When the first festival made its début in 1959, the event included peaches, political speakers, a peach pageant, bar-be-cue lunch, and soft drinks. Additions to the event through the years have included the parade, arts and crafts, peachy art contest, clown contest, multiple pageants, a car show, antique tractor and machinery show, fireworks, and a variety of peach dishes with the bar-be-cue, hot dogs, chicken sandwiches, and other foods. Changes in venue include movement from the campus of Gilbert School (the current Gilbert Elementary School) to the Gilbert Primary School campus and finally to the Gilbert Community Park which was made possible in large part through the festival’s fund raising success.
Shade in the park this year will also offer entertainment which begins at 8:30 a.m. and continues through the day at three stages throughout the park until 10:30 p.m. Groups and individuals performing include: Magic, Shag Time, Gilbert Studio of Dance Arts, Deniese’s School of Dance, Breana Burkett Collier – Fiddle, Constance Flemming, Unnamed Bluegrass Band, Mama’s Home Cookin’, City Lights, Sly Dog, The Hendrix Family, The Overtones, David Shull, and Weekend. The parade will begin at 9:30 on Hampton Street and move up Main Street to Gilbert Primary School and will offer more than a hundred entries.
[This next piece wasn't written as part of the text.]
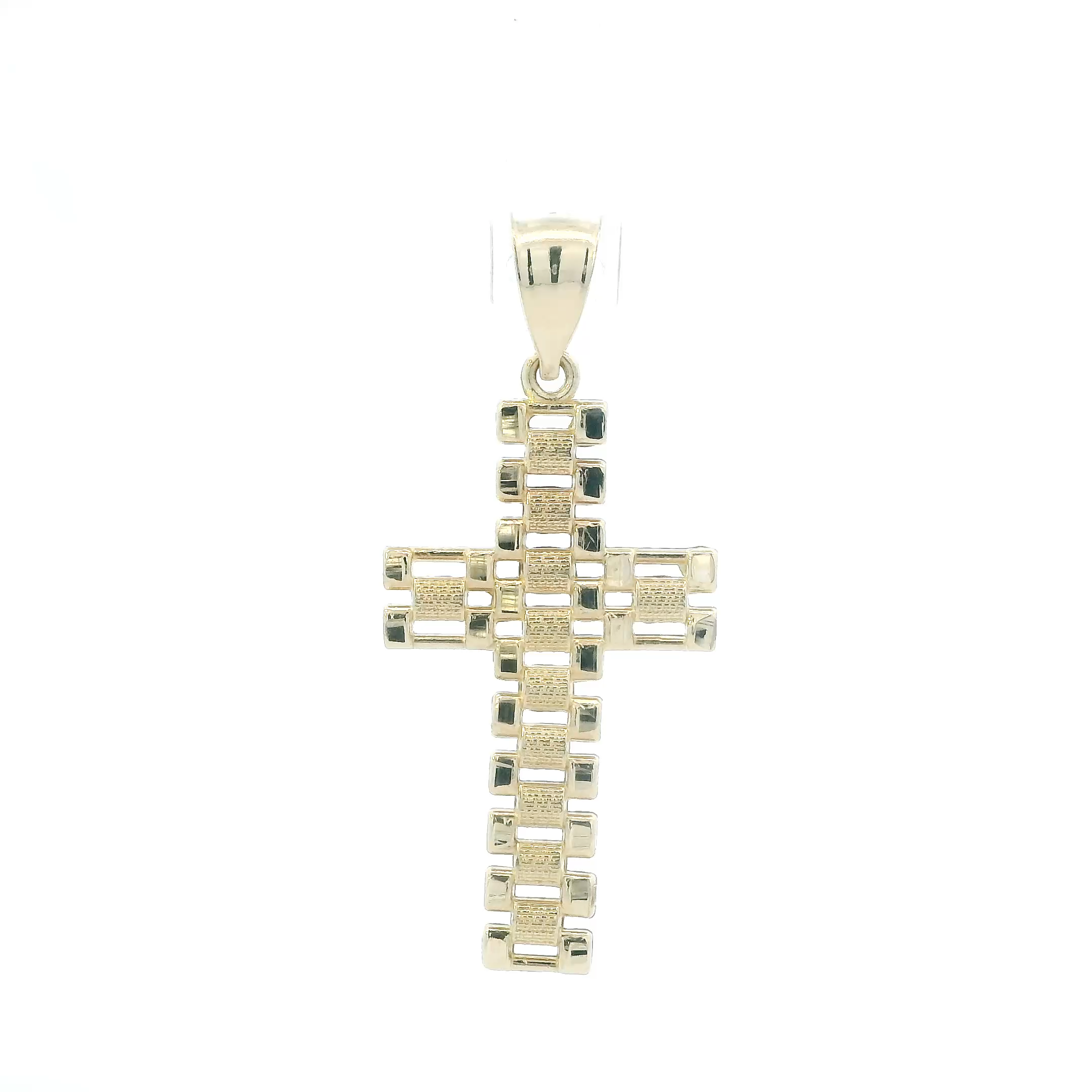 10K Yellow Gold Rolex Cross Pendant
The 50th year includes a special speaker, Clebe McClary, recipient of three Purple Hearts, the Silver Star and the Bronze Star. Clebe has used his powerful story ofcourage, determination and strength to motivate audiences around the world. The public is invited to hear this American hero speak at 11:00 a.m. in the large tent at the end of the park nearest Gilbert Middle School. Clebe will also serve as Parade Marshall. The 2008 Lexington County Peach Queen Ellen Elizabeth Neely of Lexington along with other newly crowned queens will be introduced at the 11:00 a.m. program.
A Revolutionary War camp re-enactment from the South Carolina Company of Historical Re-enactors, the Fourth South Carolina Regiment (Artillery Regiment) will be set up in front of and to the east of the Gilbert Middle School, off Rikard Circle. Plan to visit the camp site while at the festival which will include a soldier’s tent, a cook fire with food preparation, a dining fly with kitchen equipment, a display of soldier’s gear and weapons, and four cannons. On-going all-day demonstrations and discussions of military and civilian life in South Carolina during the American Revolution will be available.
Also visit the antique tractor and machinery show and the car show. Treat yourself to delicious food that will be available in the park and stroll Rikard Circle to see the arts and crafts displays. The evening will close with a fireworks show scheduled to begin at 10:00 p.m. Meanwhile a full day of family fun will be waiting as Gilbert community volunteers welcome you to the 50th Peach Festival.